# antiderivatives

#### rushin25

f ''(x) = 8 + cos(x)

f(0) = -1

here is what i got
f '(x)= 8x + sinx +C
f(x) = 4x^2 - cos x + Cx +D

since f(0)= -1
f(0)= 0-1+0+D= -1
D = 0

Now the problem is..how do i substitute the value
in f(x) ???

#### Prove It

MHF Helper
f ''(x) = 8 + cos(x)

f(0) = -1

here is what i got
f '(x)= 8x + sinx +C
f(x) = 4x^2 - cos x + Cx +D

since f(0)= -1
f(0)= 0-1+0+D= -1
D = 0

Now the problem is..how do i substitute the value
in f(x) ???
If $$\displaystyle D = 0$$

then $$\displaystyle f(x) = 4x^2 - \cos{x} + Cx$$.

So now

$$\displaystyle 0 = 4\left(\frac{\pi}{2}\right)^2 - \cos{\left(\frac{\pi}{2}\right)} + \frac{\pi}{2}C$$.
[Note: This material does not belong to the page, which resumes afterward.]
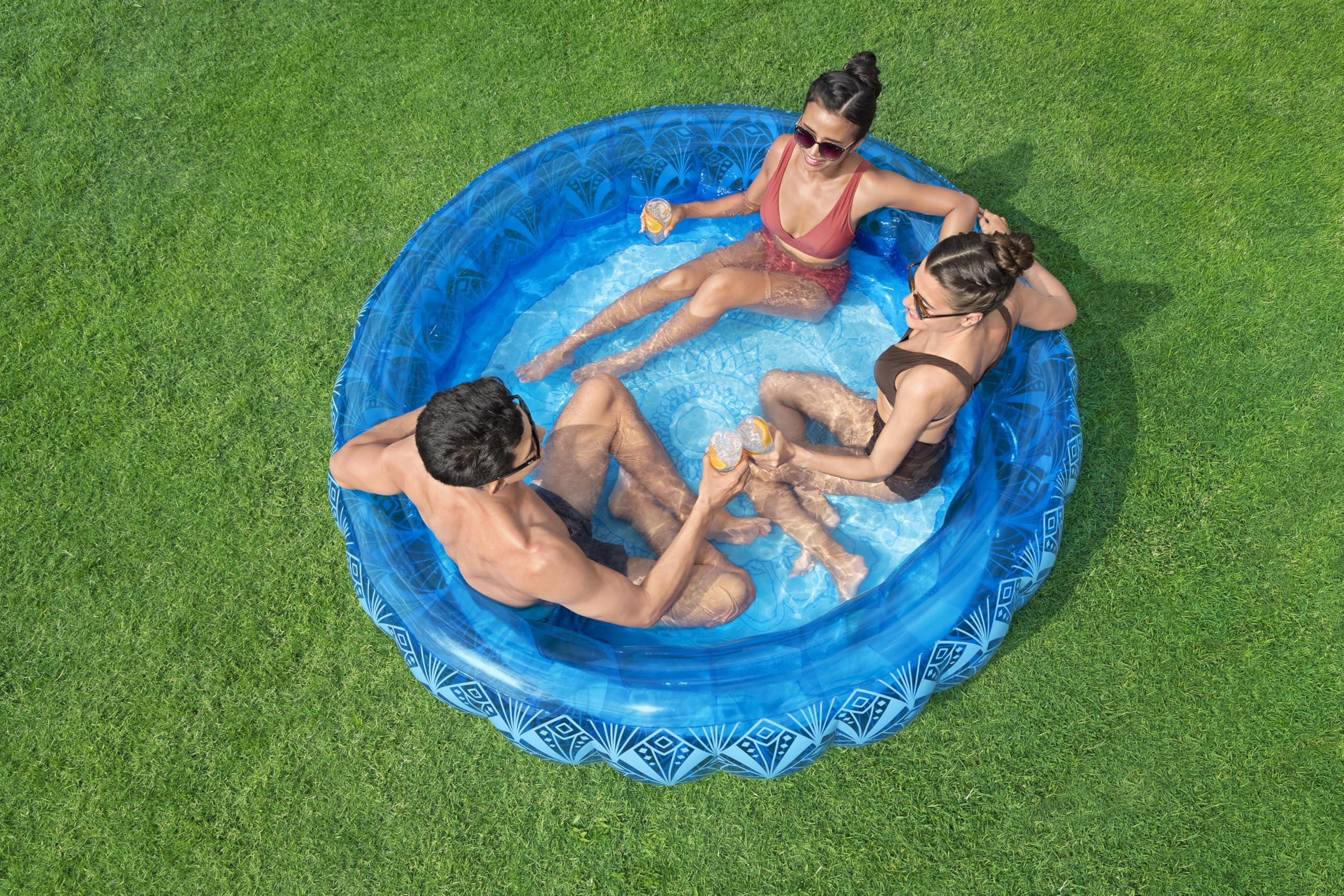 Bestway Family Pool Bohème, Ø 168 x 53 cm, 401 Liter, PVC, I-Beam-Konstruktion, Böhmisches Design, 2 Getränkehalter, Extrabreite Seitenwände, Schnellverschlussventil, Ab 6 Jahren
Simplify and solve for $$\displaystyle C$$.

#### rushin25

but what will be the value for 4(pi/2)^2 ?

#### Prove It

MHF Helper
but what will be the value for 4(pi/2)^2 ?
Surely $$\displaystyle 4\left(\frac{\pi}{2}\right)^2 = 4\left(\frac{\pi^2}{4}\right) = \pi^2$$...

#### rushin25

lol...my bad...didn't see that... so should i use the pi value in radian?

#### Prove It

MHF Helper
lol...my bad...didn't see that... so should i use the pi value in radian?
Yes, if you are given values of $$\displaystyle \pi$$ then it is safe to assume you are measuring in radians.